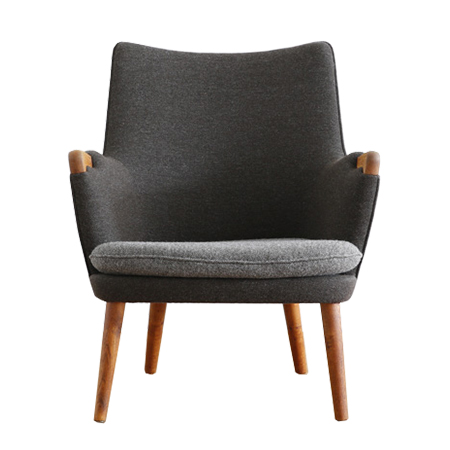 イージーチェア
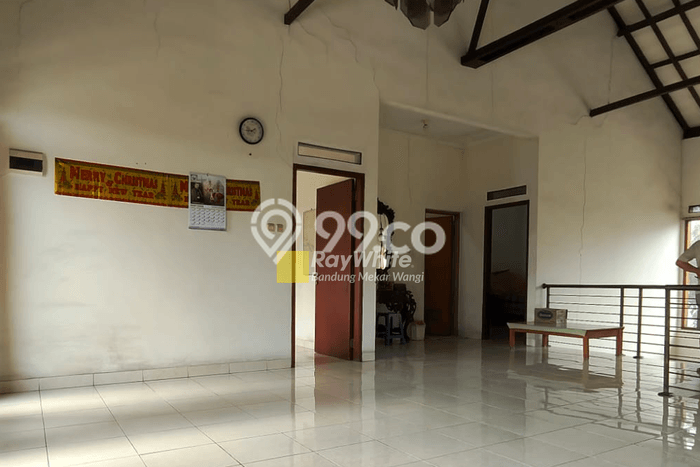 Hunian Nyaman Asri 4 KT Siap Pakai di Caringin Bandung Hunian Nyaman Asri 4 KT Siap Pakai di Caringin Bandung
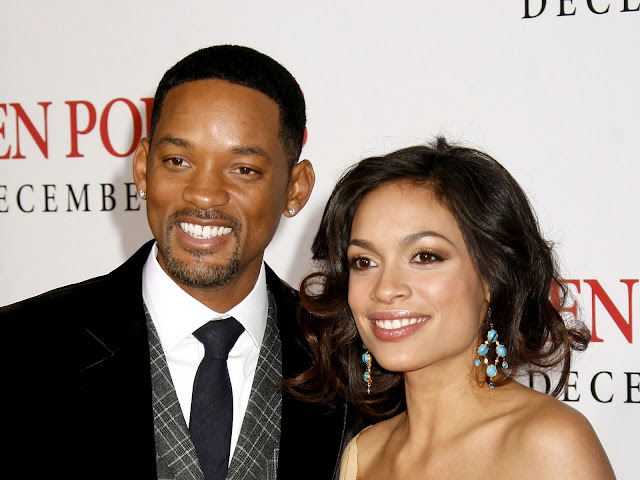 Will Smith Hollywood Celebrities HD Wallpapers 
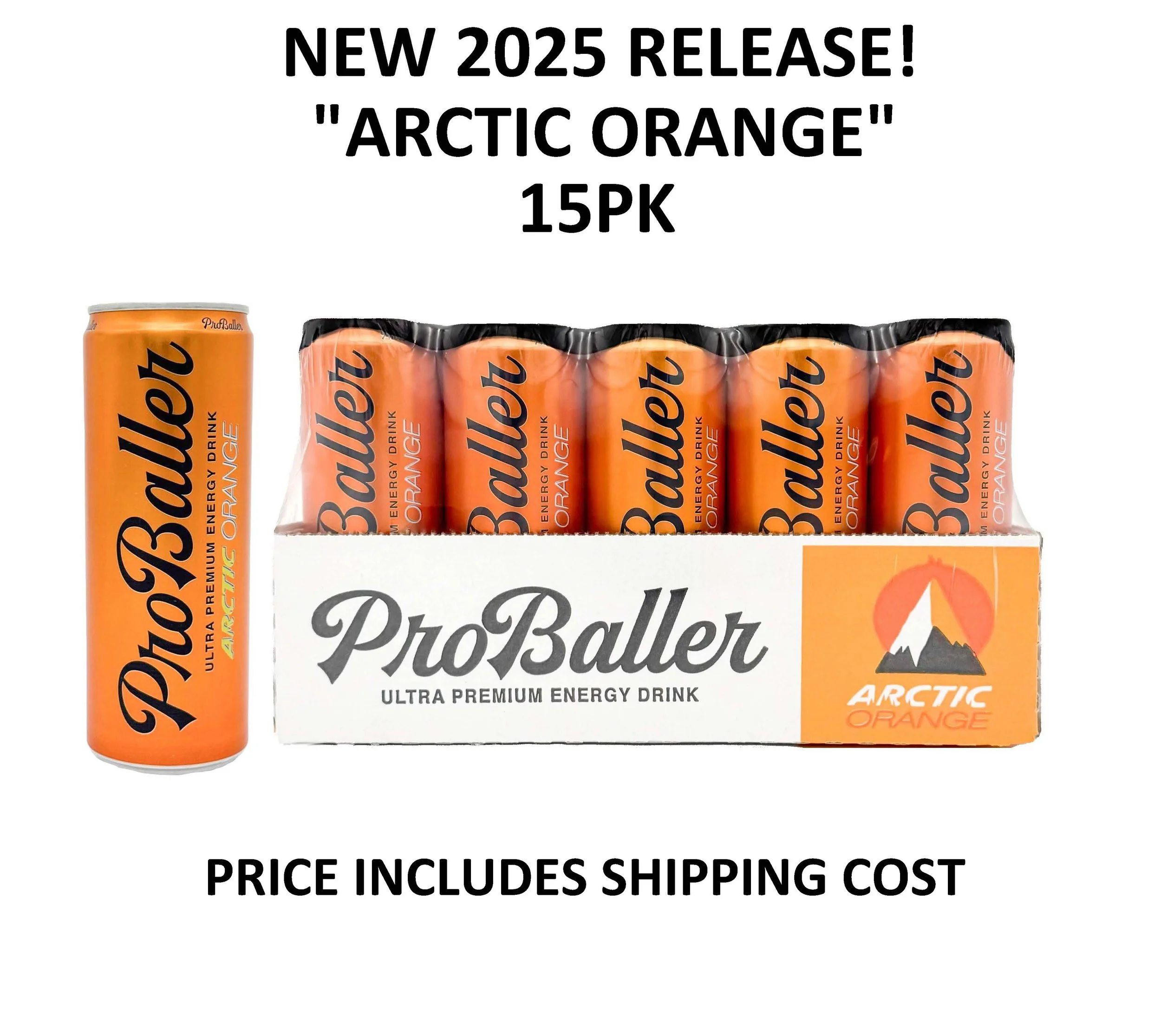 CAN CASE FOR WEBSITE.jpg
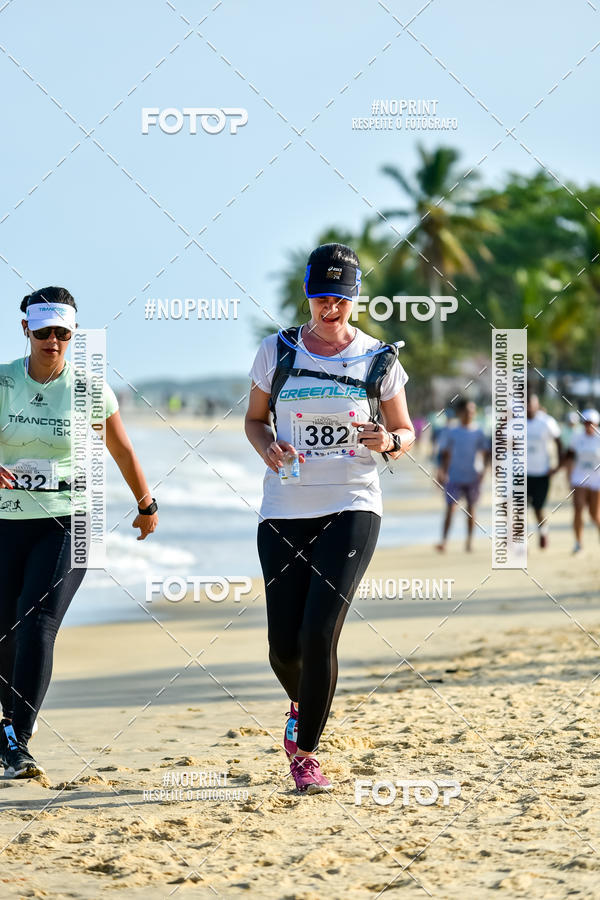 Buy your photos of the eventTrancoso 15k - Vida Sport on Fotop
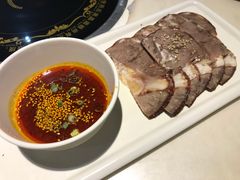 -万和源炝锅城·活鱼现炝(文艺北路店)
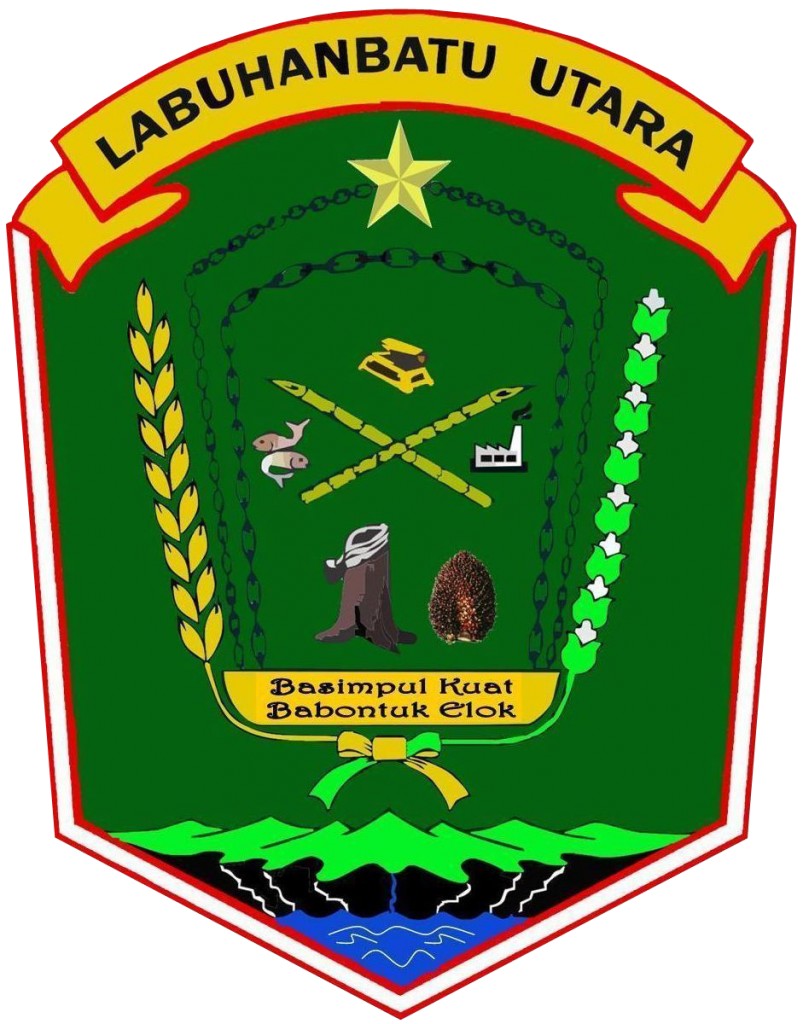 Sumut Smartprovince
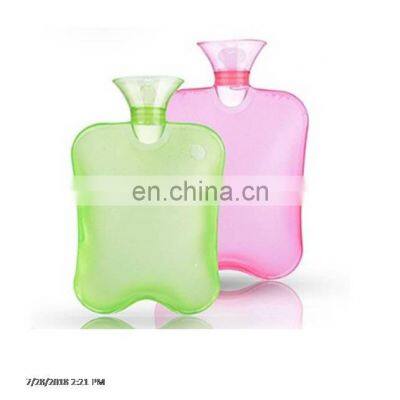 Winter Warm Keep Hot Water Bag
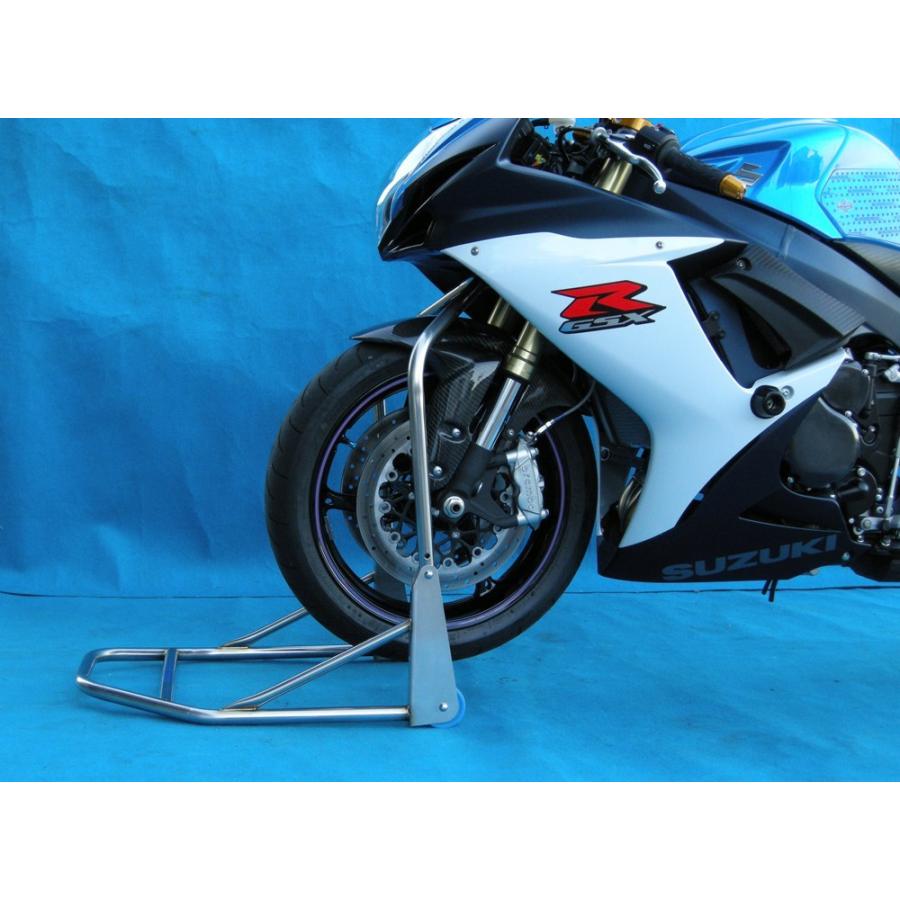 た カワサキ ZX-6R 2025年式 8BL-ZX636Jの諸元・スペック情報 | ウェビック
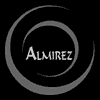 Logotipo Catering Almirez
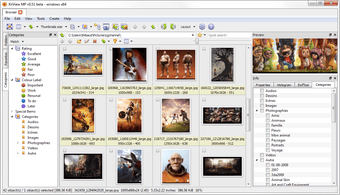 Imagen 0 para XnViewMP (64-bit)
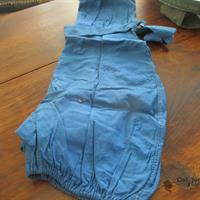 img_7480-web.jpg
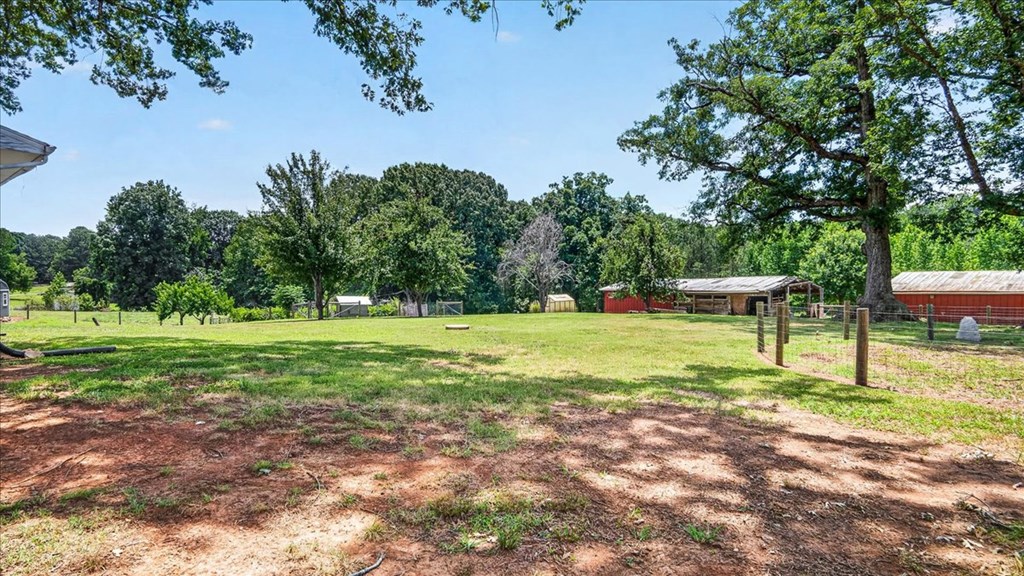 3290 Sullivan Road Property Photo 63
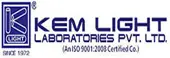 Kem Light Laboratories Private Limited
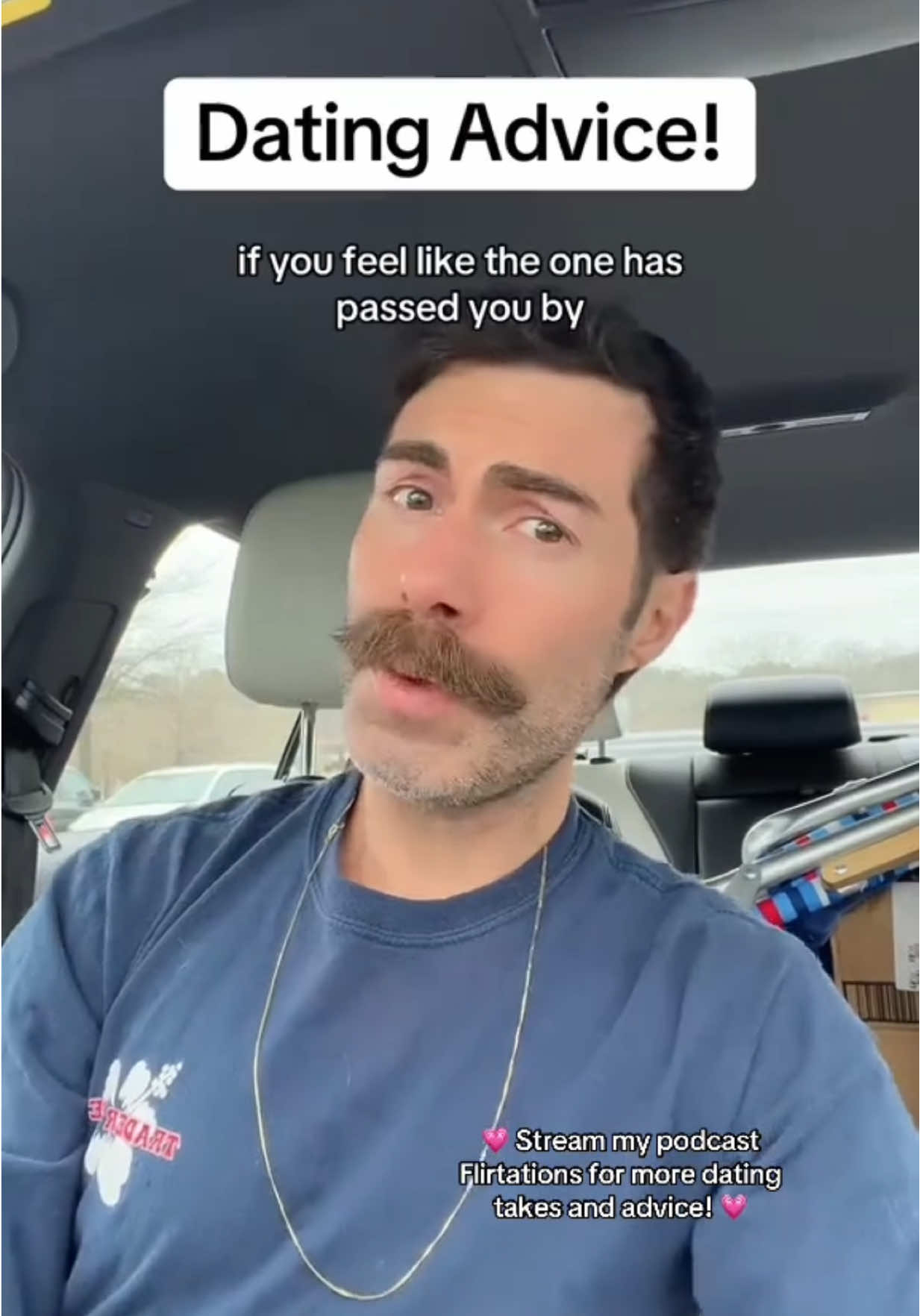 @Benjamin, theFlirtCoach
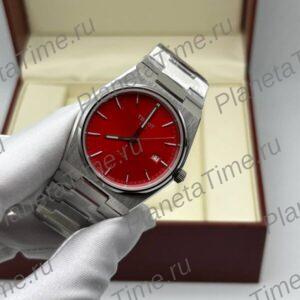 Tissot PRX Lady 10473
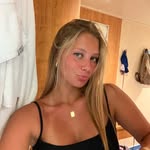 carly - @carly.proctor - Instagram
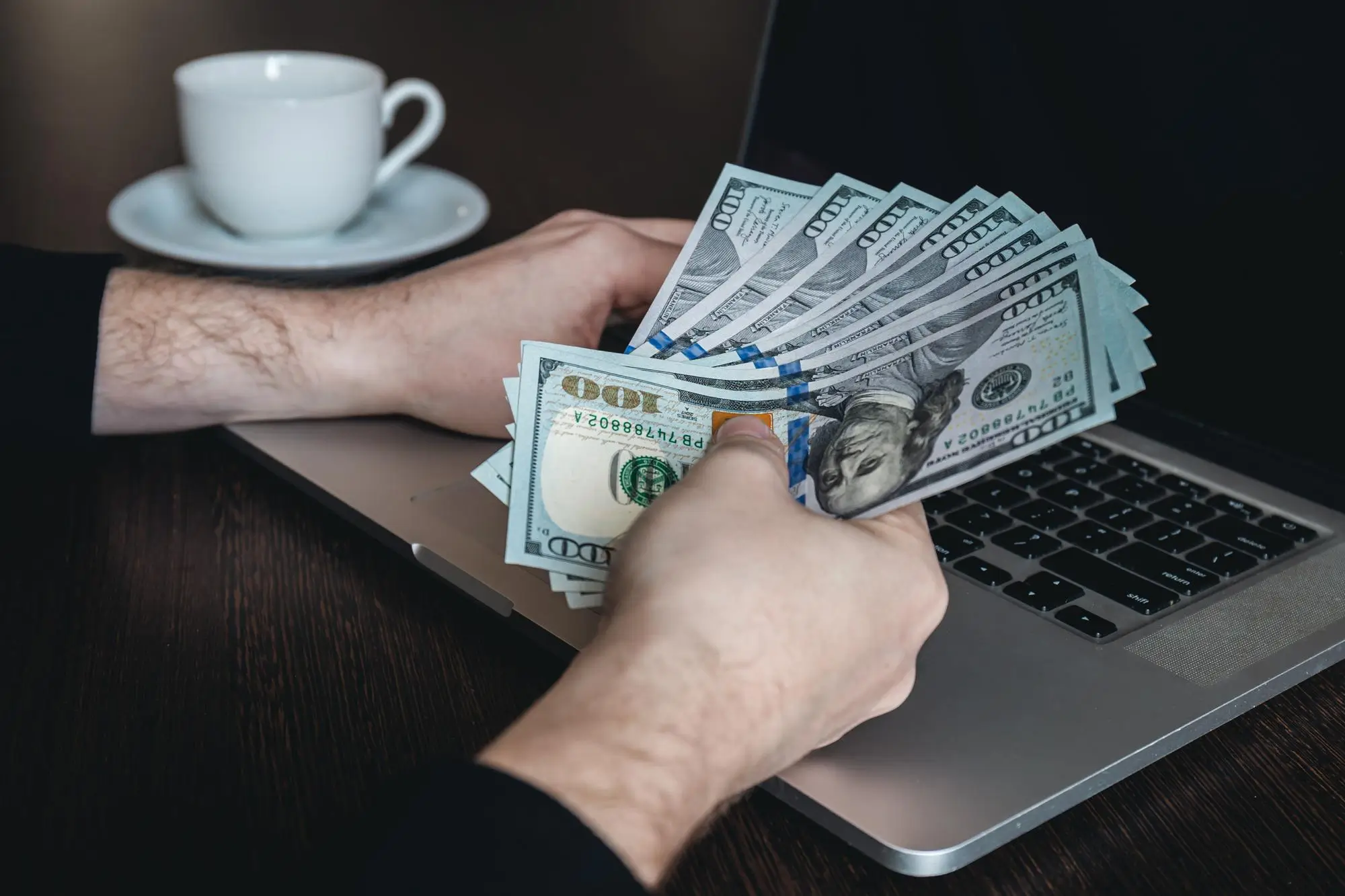 How to Get a $2000 Payday Loan Even With Bad Credit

##############################

> **TASK GOAL**:
Please retype, exactly and with the pictures left out, the lines from the line containing "CAN CASE FOR WEBSITE.jpg" through the last line of the records above.

> **EXPECTED ANSWER**:
 CAN CASE FOR WEBSITE.jpg
 Buy your photos of the eventTrancoso 15k - Vida Sport on Fotop
 -万和源炝锅城·活鱼现炝(文艺北路店)
 Sumut Smartprovince
 Winter Warm Keep Hot Water Bag
 た カワサキ ZX-6R 2025年式 8BL-ZX636Jの諸元・スペック情報 | ウェビック
 Logotipo Catering Almirez
 Imagen 0 para XnViewMP (64-bit)
 img_7480-web.jpg
 3290 Sullivan Road Property Photo 63
 Kem Light Laboratories Private Limited
 @Benjamin, theFlirtCoach
 Tissot PRX Lady 10473
 carly - @carly.proctor - Instagram
 How to Get a $2000 Payday Loan Even With Bad Credit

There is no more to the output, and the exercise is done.